“Ci sono voluti 50 anni di vita e 25 di carriera per trovare non tanto il coraggio, quanto la voglia di decidere di fare un tour nei palasport -dice Silvestri- Ho sempre amato gli spazi più raccolti, o la magia dei teatri..e continuerò a farlo. Ma ho anche sempre avuto voglia di cimentarmi con sfide diverse, e a quanto pare le nuove canzoni sembrano spingermi in questa direzione”.

La premessa del cantautore romano anticipa tutta l’energia e la carica che il primo concerto del suo tour ‘La Terra dal vivo sotto i piedi‘, nei palazzetti di tutta Italia, ha dimostrato. E’ partito proprio da Roma, per questo weekend del 25 e 26 ottobre al Palazzo dello Sport, per segnare un grande ritorno in stile Silvestri.

Non soltanto un concerto, ma un vero show… quello che Daniele Silvestri – e la sua band di 9 musicisti – ieri sera ha rappresentato sul palco. Anzi, proprio l’assenza del palco è stato il primo colpo di scena del concerto. In pieno stupore, Daniele Silvestri si è esibito in un allestimento scenografico spettacolare e totalmente a piede libero: un cumulo di terra al centro del Palazzo dello Sport ha trasportato tutto il pubblico nel cuore dell’ultimo album (letteralmente).

Un’occasione, questa, per esprimere tutta la maturità anche scenica di una carriera che garantisce soddisfazioni ormai da più di vent’anni, accompagnato questa volta da un ospite d’onore, il giovane rapper Rancore, che ha tenuto testa a Silvestri per diversi brani.

Immerso e sospeso tra un ledwall e un gioco di luci elettrizzante, Daniele Silvestri ha mantenuto alta la tensione emotiva nella platea in una combinazione di contrasti tra nuovi e freschi brani elettronici a momenti di impalpabile dolcezza in set più acustico e intimo.

E se lo show in cui Roma era immersa non bastasse, come in un teatro nel teatro, il concerto di Daniele Silvestri si è aperto a un nuovo spettacolo che si è stretto nel nucleo familiare della memoria interna dei suoi 25 anni di musica. Come attraversare i ricordi, il cantautore ha sfogliato uno dopo l’altro tutti i suoi successi dal 1994 agli ultimi brani. Una carrellata tutta d’un fiato che ha lasciato sospese le emozioni del pubblico come su un filo di Acrobati.

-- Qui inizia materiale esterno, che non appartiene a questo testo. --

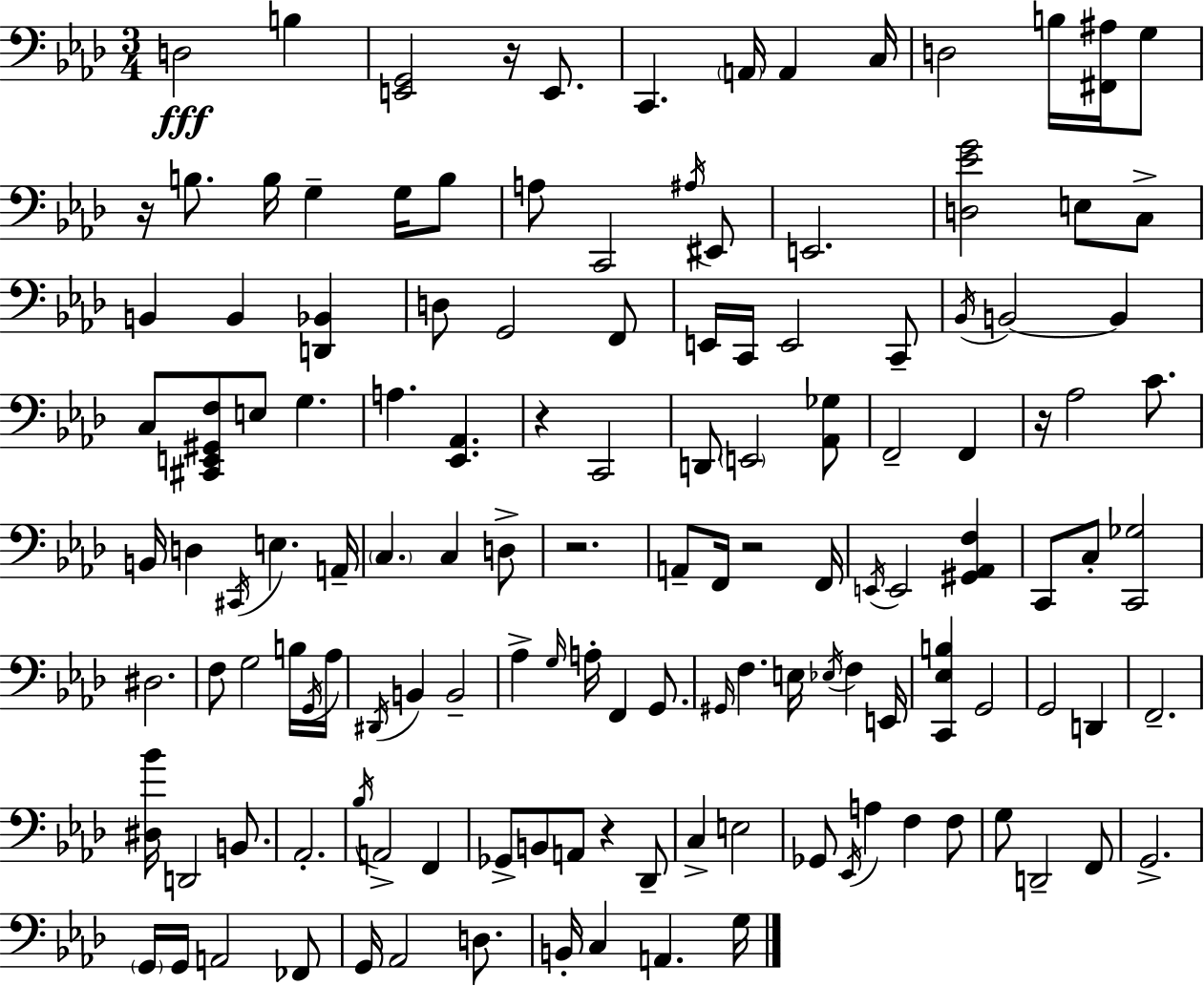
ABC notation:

X:1
T:Untitled
M:3/4
L:1/4
K:Fm
D,2 B, [E,,G,,]2 z/4 E,,/2 C,, A,,/4 A,, C,/4 D,2 B,/4 [^F,,^A,]/4 G,/2 z/4 B,/2 B,/4 G, G,/4 B,/2 A,/2 C,,2 ^A,/4 ^E,,/2 E,,2 [D,_EG]2 E,/2 C,/2 B,, B,, [D,,_B,,] D,/2 G,,2 F,,/2 E,,/4 C,,/4 E,,2 C,,/2 _B,,/4 B,,2 B,, C,/2 [^C,,E,,^G,,F,]/2 E,/2 G, A, [_E,,_A,,] z C,,2 D,,/2 E,,2 [_A,,_G,]/2 F,,2 F,, z/4 _A,2 C/2 B,,/4 D, ^C,,/4 E, A,,/4 C, C, D,/2 z2 A,,/2 F,,/4 z2 F,,/4 E,,/4 E,,2 [^G,,_A,,F,] C,,/2 C,/2 [C,,_G,]2 ^D,2 F,/2 G,2 B,/4 G,,/4 _A,/4 ^D,,/4 B,, B,,2 _A, G,/4 A,/4 F,, G,,/2 ^G,,/4 F, E,/4 _E,/4 F, E,,/4 [C,,_E,B,] G,,2 G,,2 D,, F,,2 [^D,_B]/4 D,,2 B,,/2 _A,,2 _B,/4 A,,2 F,, _G,,/2 B,,/2 A,,/2 z _D,,/2 C, E,2 _G,,/2 _E,,/4 A, F, F,/2 G,/2 D,,2 F,,/2 G,,2 G,,/4 G,,/4 A,,2 _F,,/2 G,,/4 _A,,2 D,/2 B,,/4 C, A,, G,/4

E quasi alla fine del concerto rivediamo un Daniele Silvestri ancora più adulto dei sogni che lo hanno portato fin qui: una consapevolezza che fa della tecnica la forma, della passione l’argomento. Ha rivisitato il suo percorso ritornando alla semplicità della Terra, che sa stringersi in un pugno ma raccogliere tutto il mondo. Proprio come la musica. La sua.